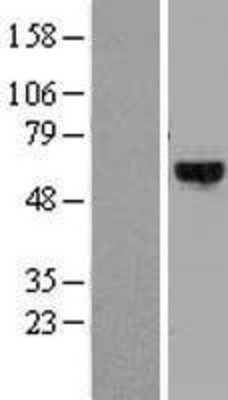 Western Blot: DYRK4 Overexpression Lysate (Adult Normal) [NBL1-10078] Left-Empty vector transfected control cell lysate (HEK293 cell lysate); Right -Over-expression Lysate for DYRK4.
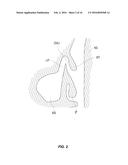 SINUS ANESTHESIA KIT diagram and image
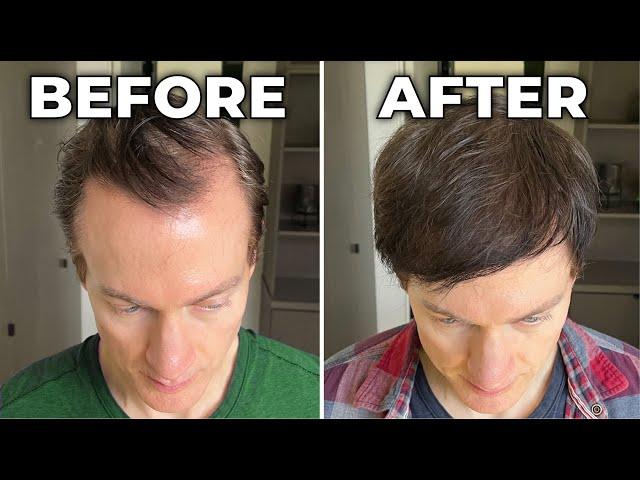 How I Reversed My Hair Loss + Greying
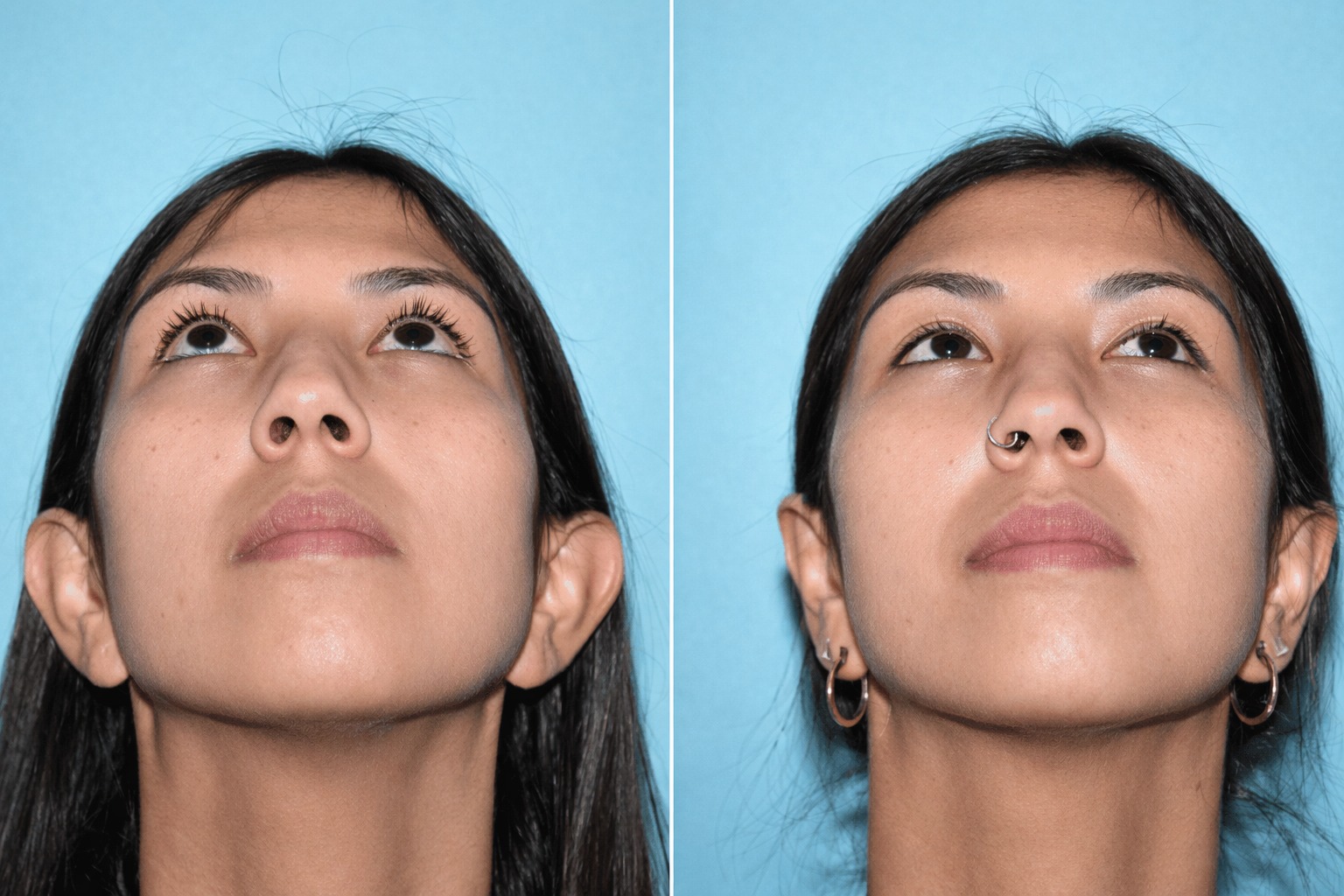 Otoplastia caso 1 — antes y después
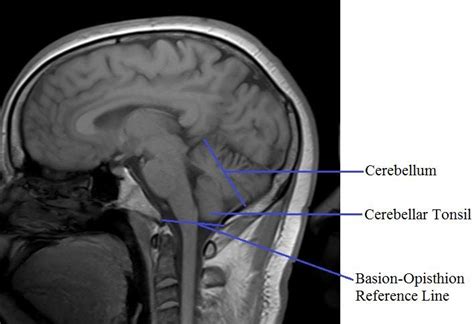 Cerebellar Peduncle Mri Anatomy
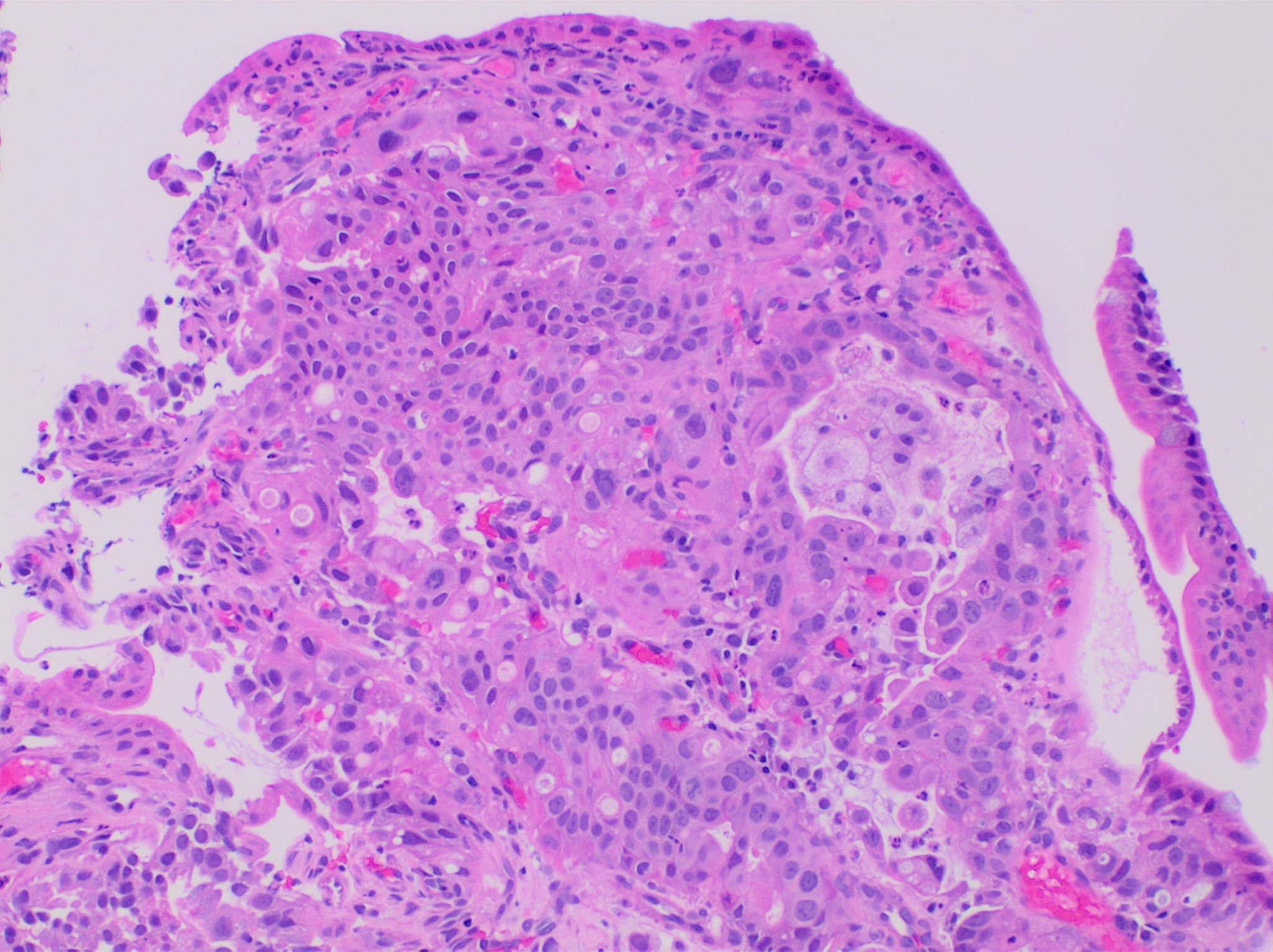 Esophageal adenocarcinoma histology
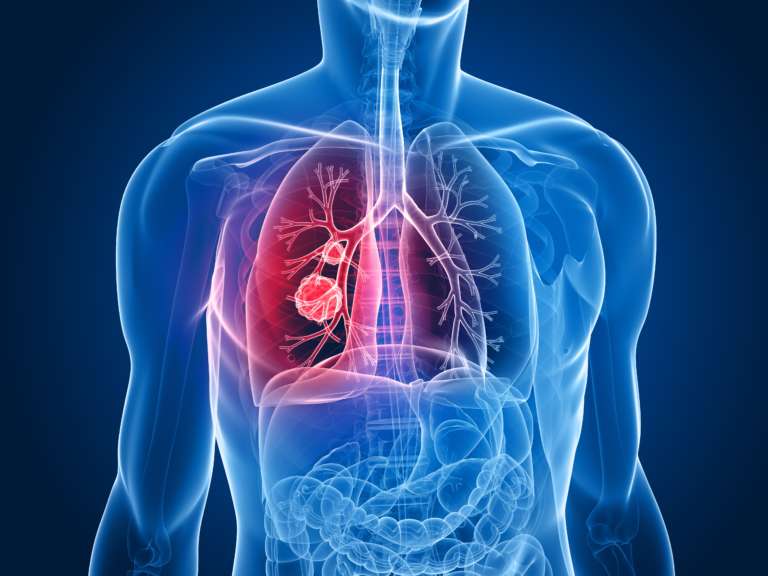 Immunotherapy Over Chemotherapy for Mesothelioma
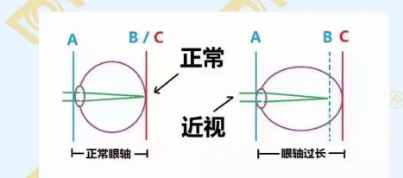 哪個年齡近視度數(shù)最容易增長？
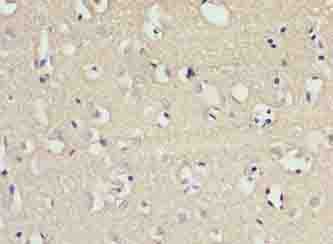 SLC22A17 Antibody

—————

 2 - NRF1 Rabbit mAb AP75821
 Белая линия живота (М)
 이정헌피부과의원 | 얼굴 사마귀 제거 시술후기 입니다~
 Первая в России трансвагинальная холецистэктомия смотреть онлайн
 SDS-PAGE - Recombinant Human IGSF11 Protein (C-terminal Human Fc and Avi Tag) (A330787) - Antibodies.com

—————

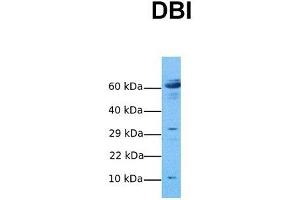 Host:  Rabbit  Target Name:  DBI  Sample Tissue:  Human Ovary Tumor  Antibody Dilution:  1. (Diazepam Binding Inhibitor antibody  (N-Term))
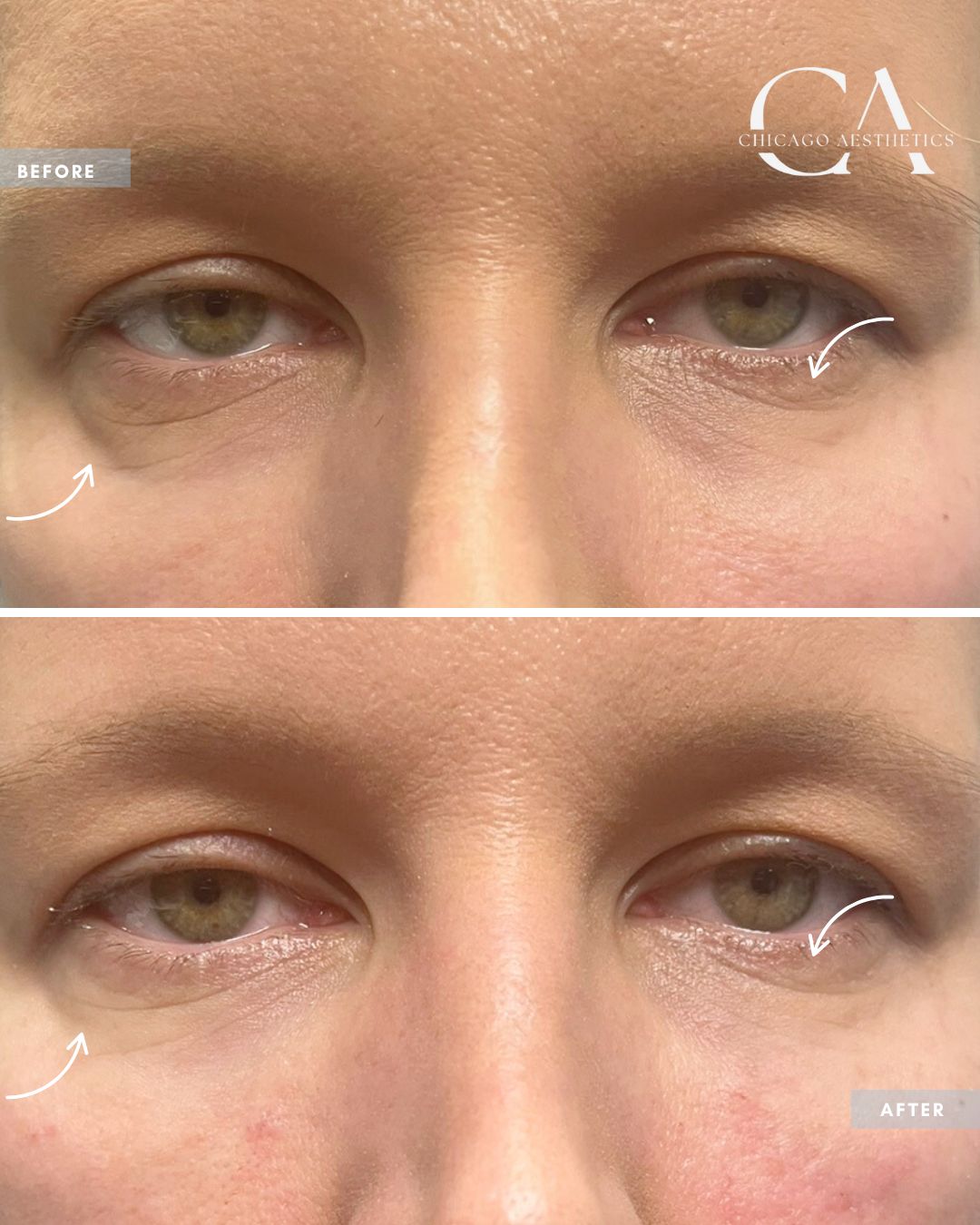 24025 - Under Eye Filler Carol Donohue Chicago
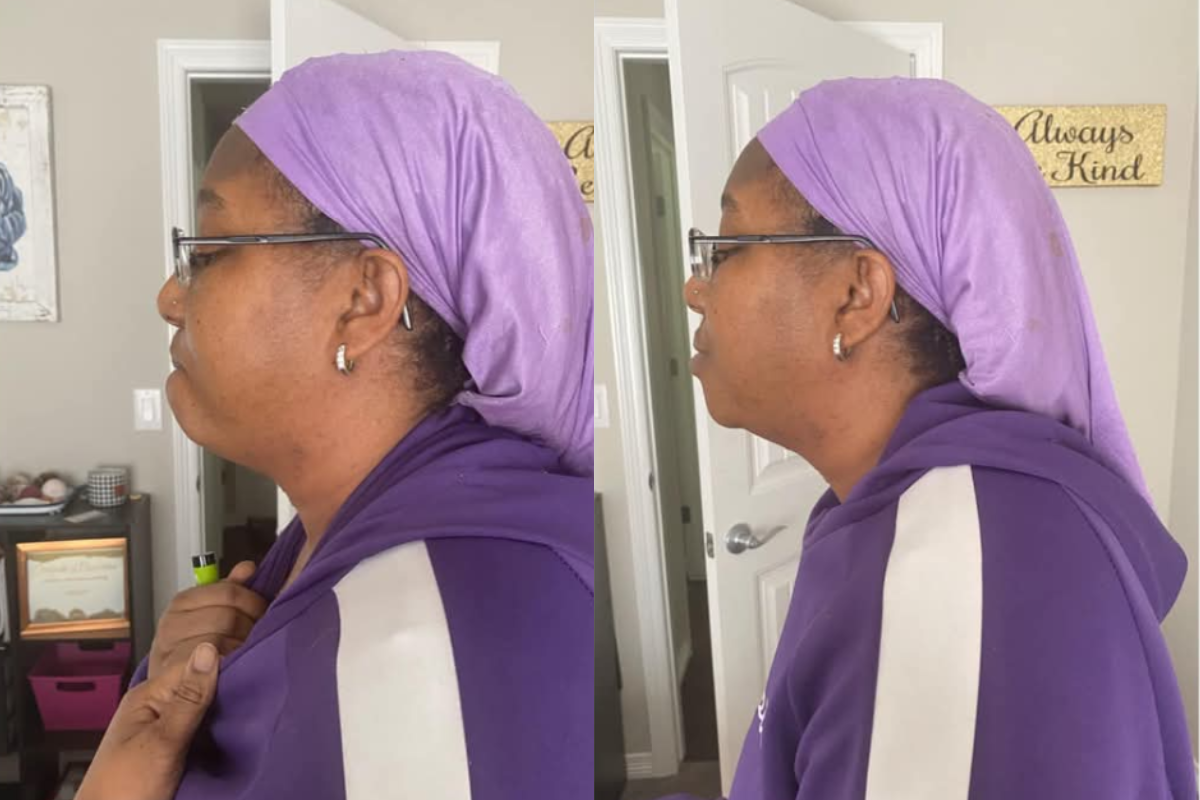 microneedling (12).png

—————

*Work task:*
Copy exactly the lines of the listing above between the one holding "How I Reversed My Hair Loss + Greying" and the one holding "SLC22A17 Antibody", inclusive; omit all pictures.

*Expected output:*
 How I Reversed My Hair Loss + Greying
 Otoplastia caso 1 — antes y después
 Cerebellar Peduncle Mri Anatomy
 Esophageal adenocarcinoma histology
 Immunotherapy Over Chemotherapy for Mesothelioma
 哪個年齡近視度數(shù)最容易增長？
 SLC22A17 Antibody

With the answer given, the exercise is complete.